En una cálida tarde de verano, con un libro de poesía en la mano, me acomodo sobre la pálida hierba de un pequeño parque de la ciudad. Junto a un rosal que se llenó de espinas, porque olvidó dibujar sus rosas.
Abro el libro y el poeta envuelve mis sentidos, con sus palabras y sus intensos silencios, logrando que la poesía insufle mi esencia y haga brotar destellos de eternidad en los extremos de mi existencia.
Y aunque sé que jamás lograremos entender lo que dice el poeta, trato de acceder a su reluctante voz, encontrar en ella el hilo conductor, desenrollar en una lectura la madeja. En suma, entrar a los aposentos de la poesía.
Y siempre acabo preguntándome, una y otra vez: ¿Cómo escribir palabras tan sentidas como aquellas, y alcanzar a penetrar aquella voz luctuosa, sin tener que hundirme en los abismos de los que jamás pudo salir el poeta?
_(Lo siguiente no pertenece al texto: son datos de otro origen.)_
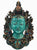 Resin Traditional Hindu Goddess Mask Wall Hangings Art Statue - Agan Traders, Turquoise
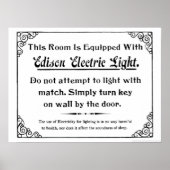 Funny Edison Electric Light Poster (Voorkant)
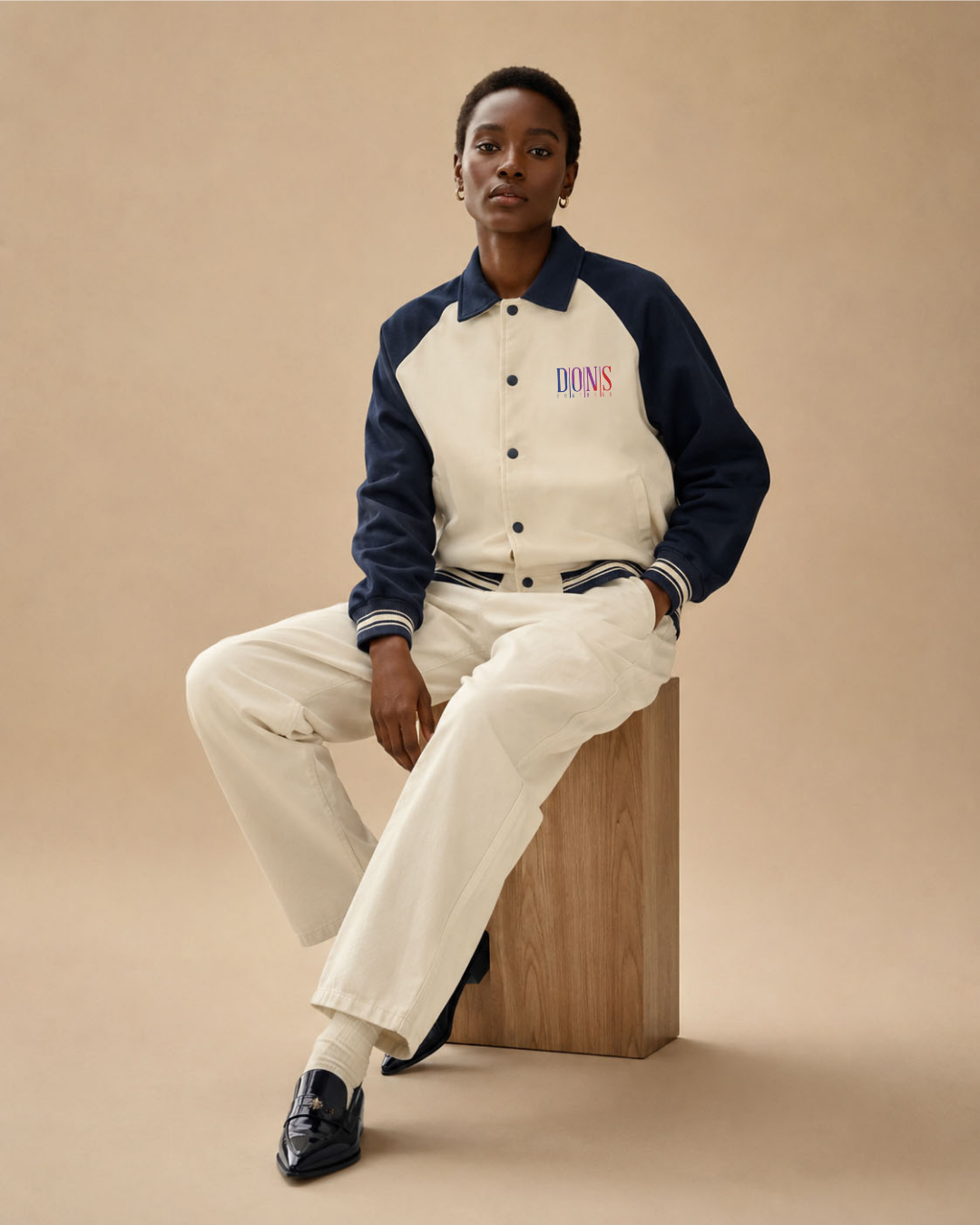 Raglan Striped Baseball Jacket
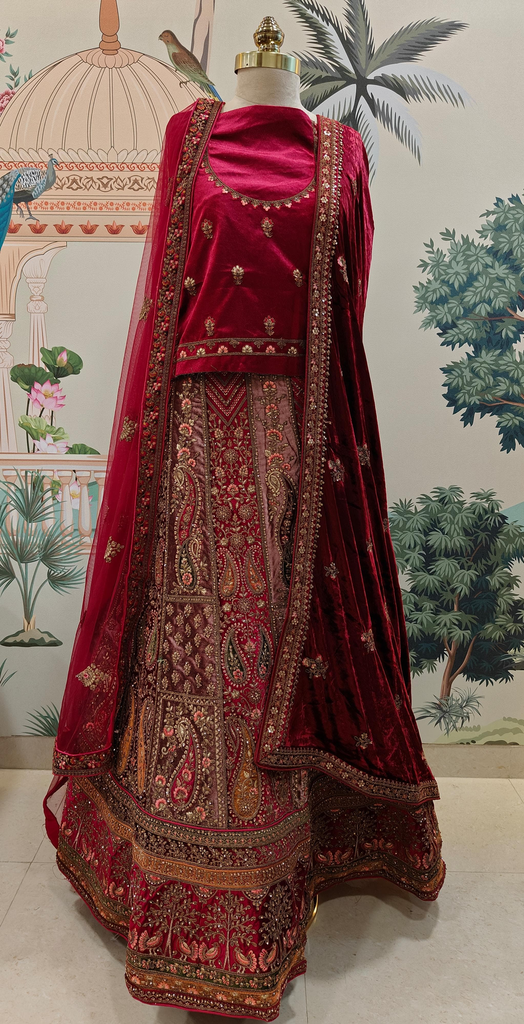  Maharani Velvet Lehanga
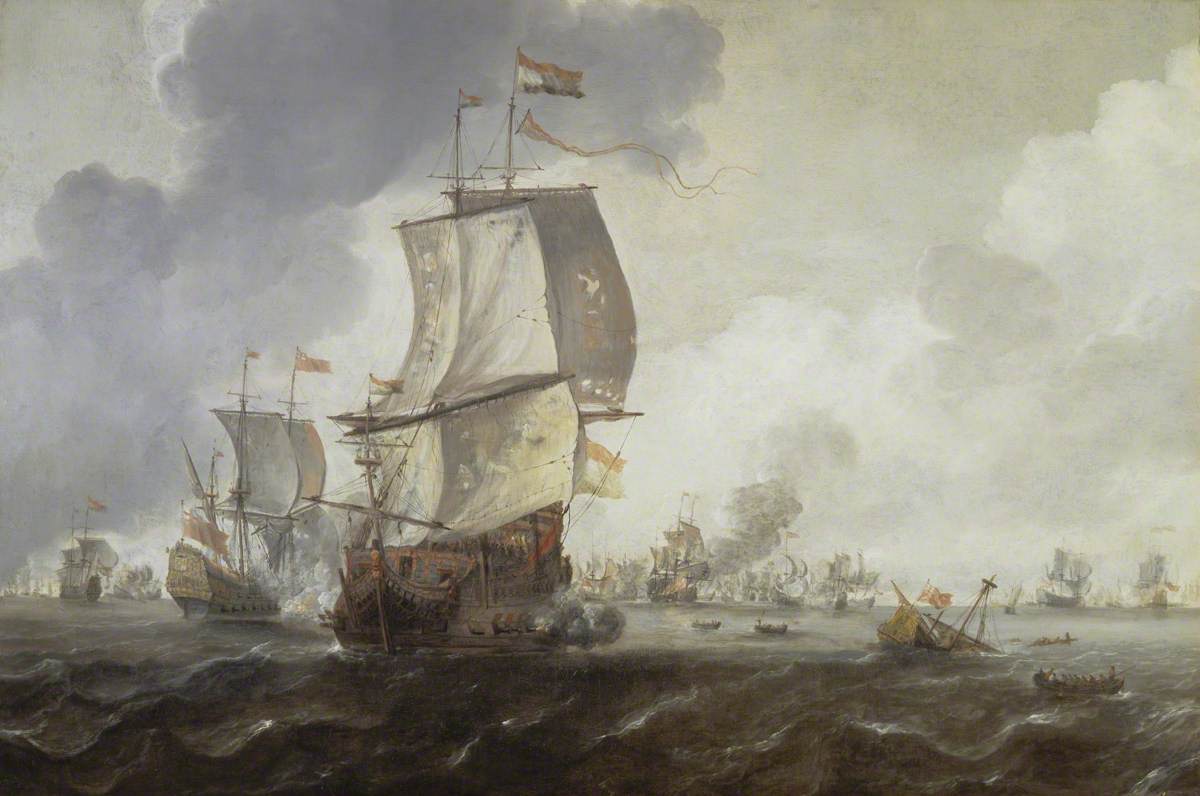 photo-of-the-painting-a-battle-of-the-first-dutch-war-by-renier-nooms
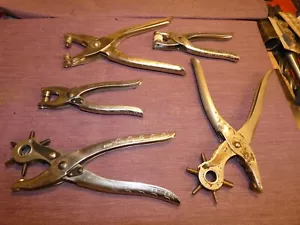LEATHER WORKERS HOLE PUNCHES PUNCH JOB LOT OF 5 MAUN ADW LUCAS - Picture 1 of 10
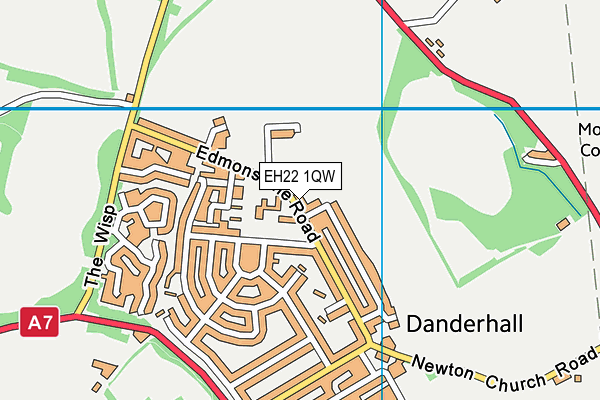 EH22 1QW map - OS VectorMap District (Ordnance Survey) EH22 1QW map - OS VectorMap District (Ordnance Survey)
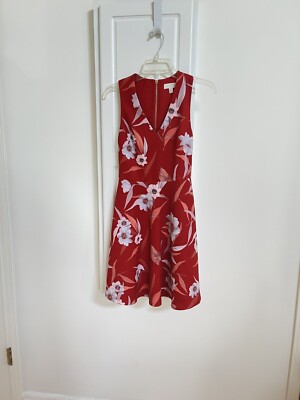 Ted Baker Enyaa floral print skater mini dress | eBay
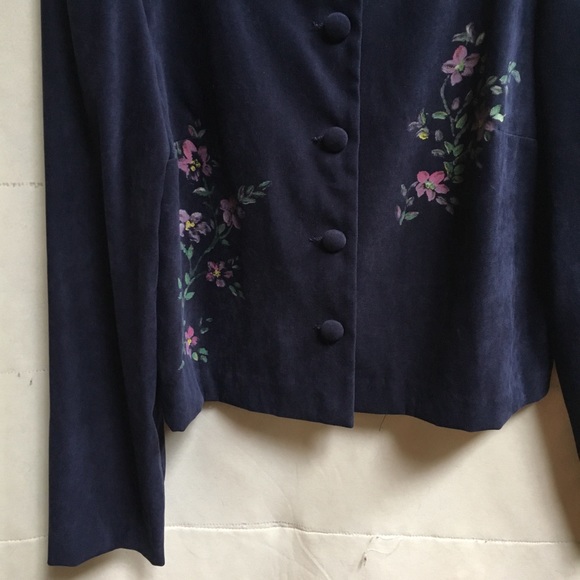 Karin Stevens floral jacket vintage - Picture 3 of 4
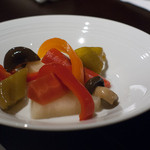 ステーキハウス 听 - 京野菜と季節野菜のピクルス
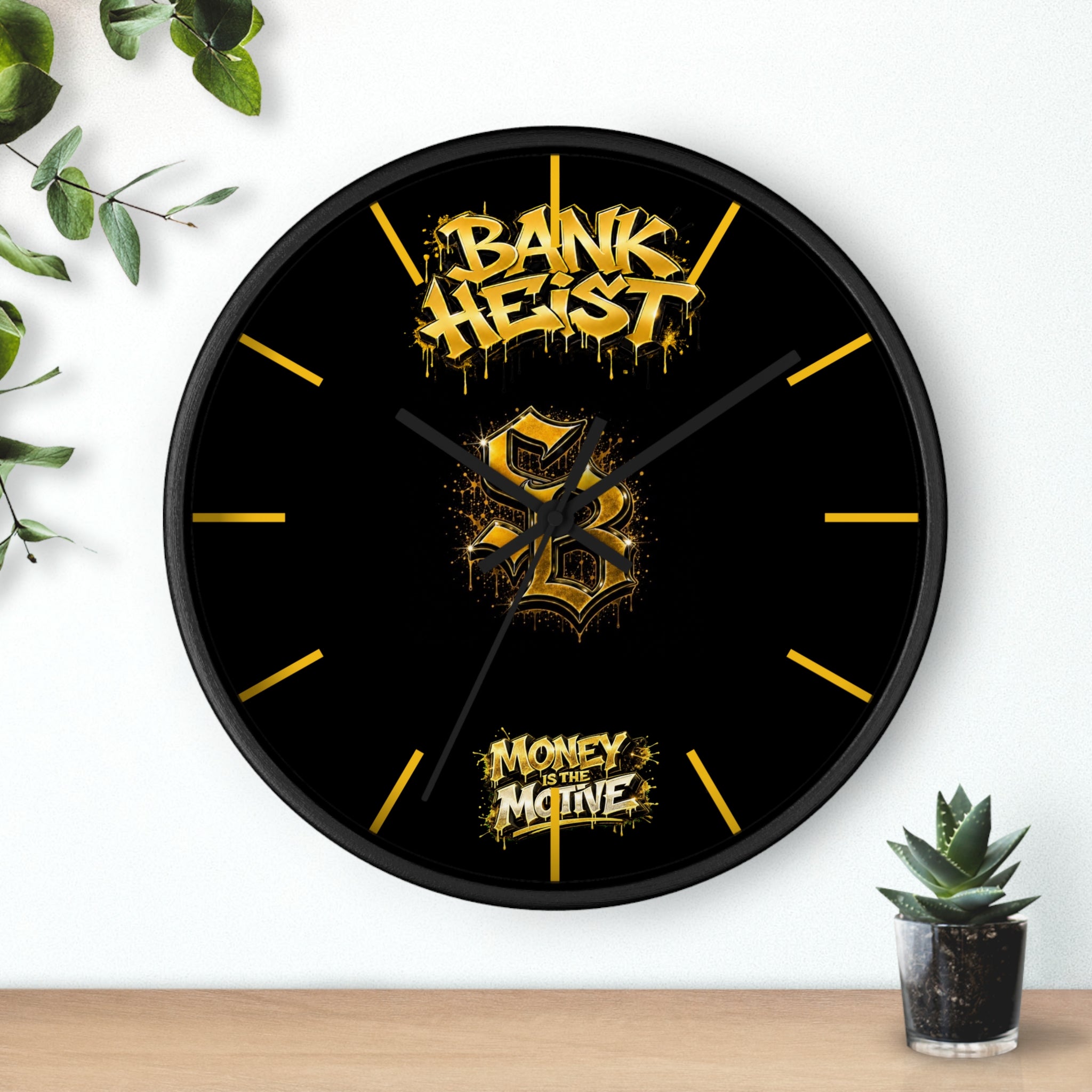 Wall Clock-Bank Heist-Money Is the Motive-SCUMMIEBEARZ™️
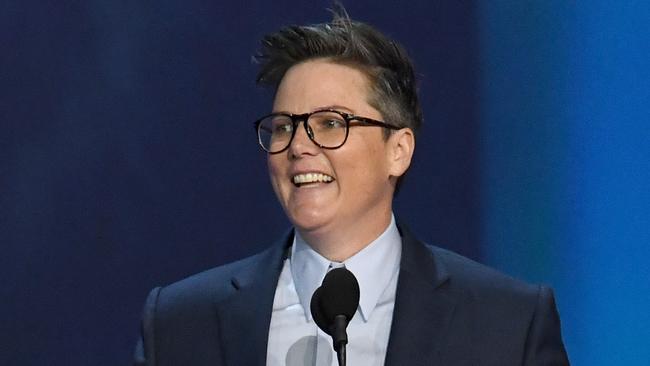 LOS ANGELES, CA - SEPTEMBER 17:  Hannah Gadsby speaks onstage during the 70th Emmy Awards at Microsoft Theater on September 17, 2018 in Los Angeles, California.  (Photo by Kevin Winter/Getty Images)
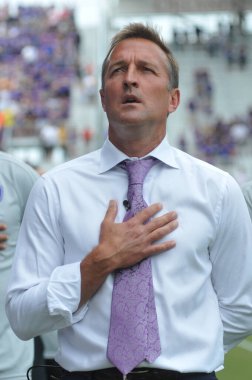 Orlando City 15 Nisan 2017 'de Florida, Orlando' daki Citrus Bowl 'da Los Angeles Galaksisine ev sahipliği yaptı..  
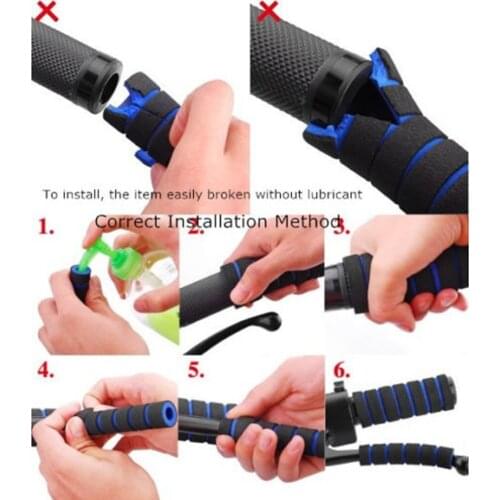 2 Pairs Bike Motorcycle Handle Bar Foam Sponge Grip Cover Nonslip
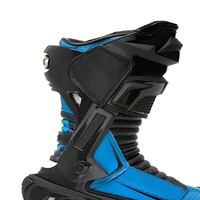 Sepatu Bot Motor Kulit Anti Air Pria Model Persegi dengan Ritsleting, Kustom OEM, Grosir, Bernapas, untuk Balap Motocross Musim Panas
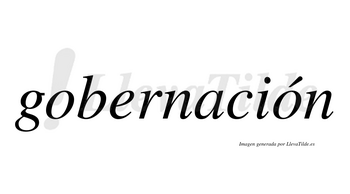 Gobernación  lleva tilde con vocal tónica en la segunda «o»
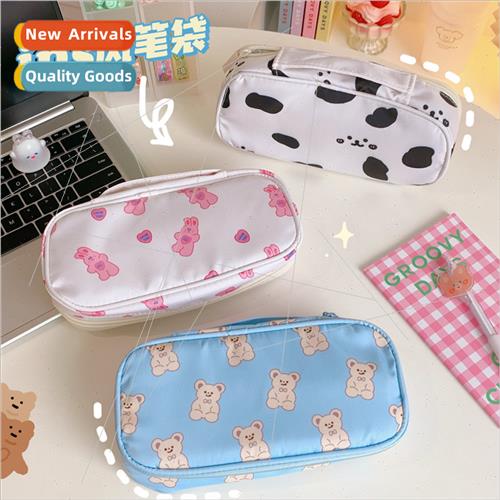 Large-capacy pen bag ins wind Japanese original high-color s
Esta tarde, frente a las hojas mustias de un rosedal, estoy leyendo a Miguel Hernández, y mientras recuerdo a mi padre muerto, la cálida voz de Serrat toca mi memoria, embriagado en el dolor de la elegía a Ramón Sijé. Es cuando el poeta me recuerda que no se puede hacer poesía, sin antes no haber sufrido de humanidad.